One of the best ways to be inclusive of diversity in the workplace is to hear the thoughts, ideas, and feedback of others. This ensures that your business stays fresh and innovative when creating new or updating current products and services. We talk about listening to those of different genders, races, religions, and other backgrounds; these are the obvious diverse voices among us. But, we are also impacted in the workplace by different personalities.
While extroverts are eager to share their ideas in meetings or group brainstorming sessions, introverts may not find voicing their opinions in group settings easy to do. Sometimes introverts can be seen as uninterested or not as invested in the company’s wellbeing because they’re quieter than, and not as forthcoming with ideas as, their more vocal colleagues.
In Susan Cain’s Huffington Post article, “5 Insights for Introverts Who Want To Thrive In The Workplace,” she offers different solutions to help introverts feel more comfortable and confident when sharing their ideas in different settings—from job interviews, to meetings.

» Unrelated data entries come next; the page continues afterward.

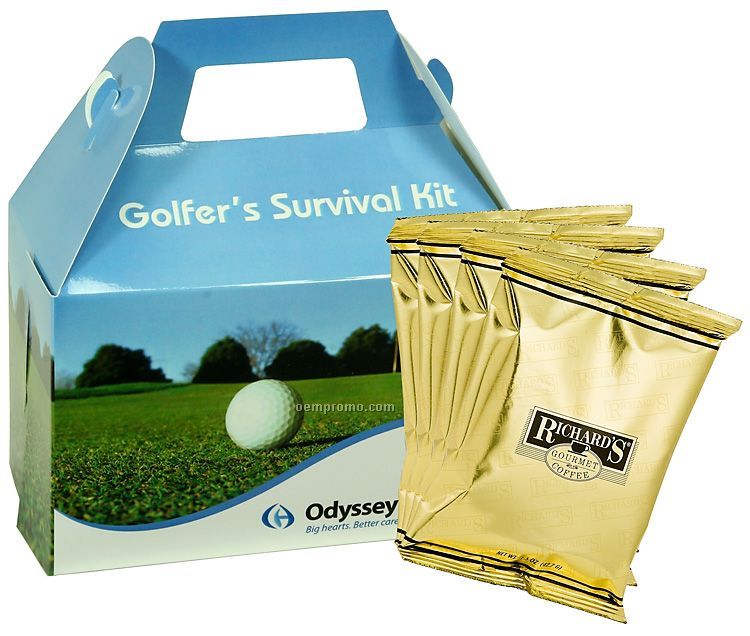 Gourmet Gift Box - Golf Design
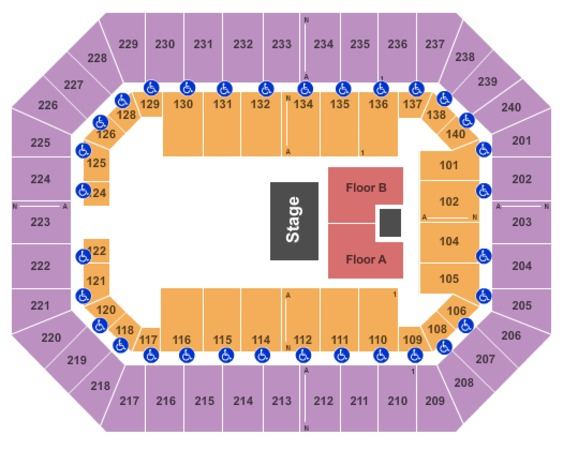 Baton Rouge River Center Arena Tickets In Baton Rouge Louisiana 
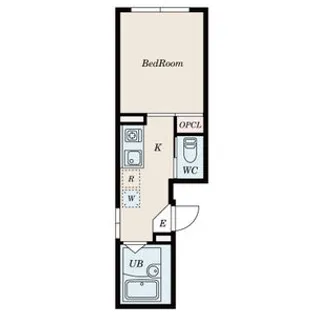 N3E3チョイスビル【4階】の間取り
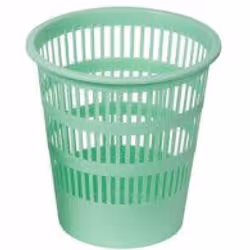 Corbeille à Papier FAPI 12L - Vert - Vue supplémentaire 2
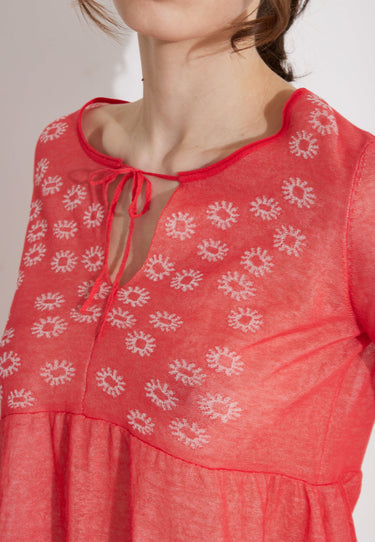 SWEATER 00604 - Röd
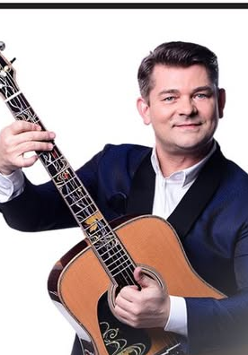 Graphics promoting the concert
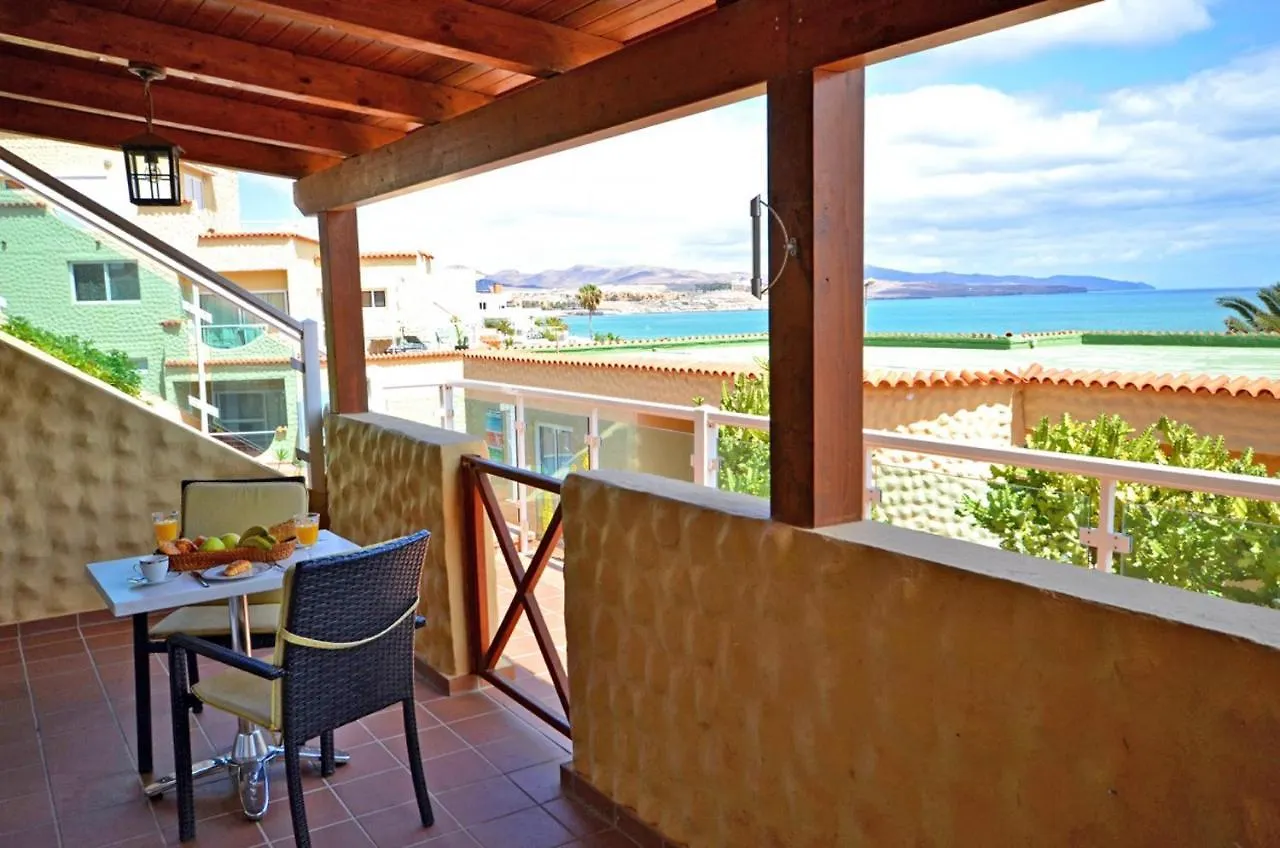 Ferienwohnung Playa 2 - Pool - Meerblick - 50M Strand - Wifi Costa Calma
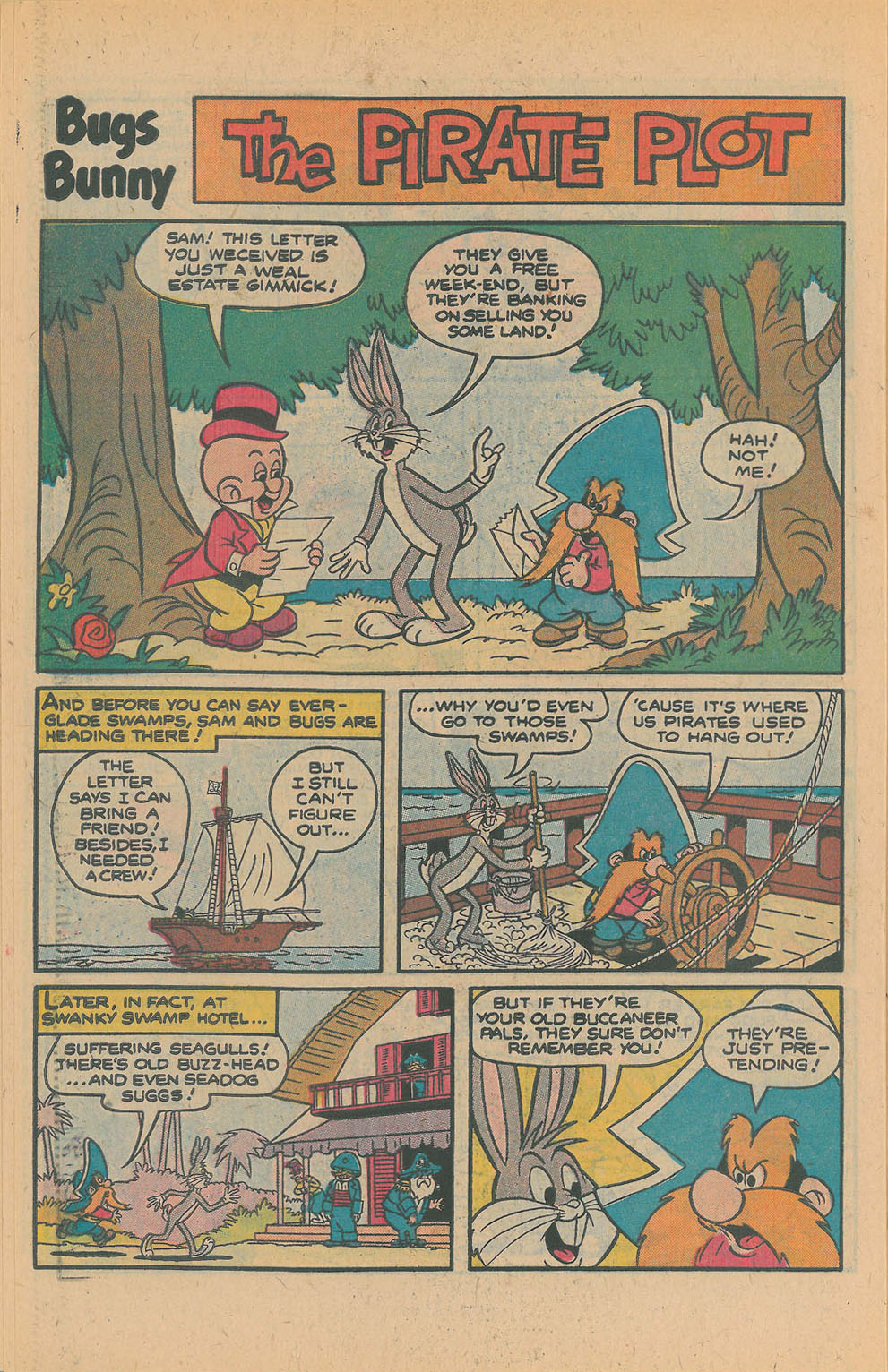 Read online Bugs Bunny comic -  Issue #202 - 26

One tip Cain shares in the article is particularly helpful for inclusive leaders.
In meetings, where the objective of the meeting is to share information, inclusive leaders can seek to gather information from introverted attendees by having everyone write down one or two ideas to share prior to the meeting, Cain suggests. Many people are uncomfortable with coming up with comments on the spot, and introverts often don’t feel comfortable sharing their thoughts in these settings. Having people brainstorm one or two points prior to the start of the meeting can help to alleviate this anxiety, she says.
Then, she says, the meeting leader can go around the table and ask each person to share the feedback that they wrote down previously. This technique can help to keep extroverts from controlling the meeting, and will also encourage introverts to speak up and be heard.
Having one-on-one meetings with employees may also be a better platform for introverts than larger group meetings. Let employees know that if they have ideas they don’t feel comfortable sharing in meetings, they can always come to you after the meeting or later on in the day to talk about their ideas.
Inclusive leaders take the time to evaluate and understand the different personalities in the office. A meeting may be a great place for extroverts to share ideas, but it isn’t always the best platform for introverts. By only listening to the louder voices in the office, you might not be getting the ideas you need to keep your company growing. Creating a culture that encourages everyone to take part in shaping the future of the organization is key to business success.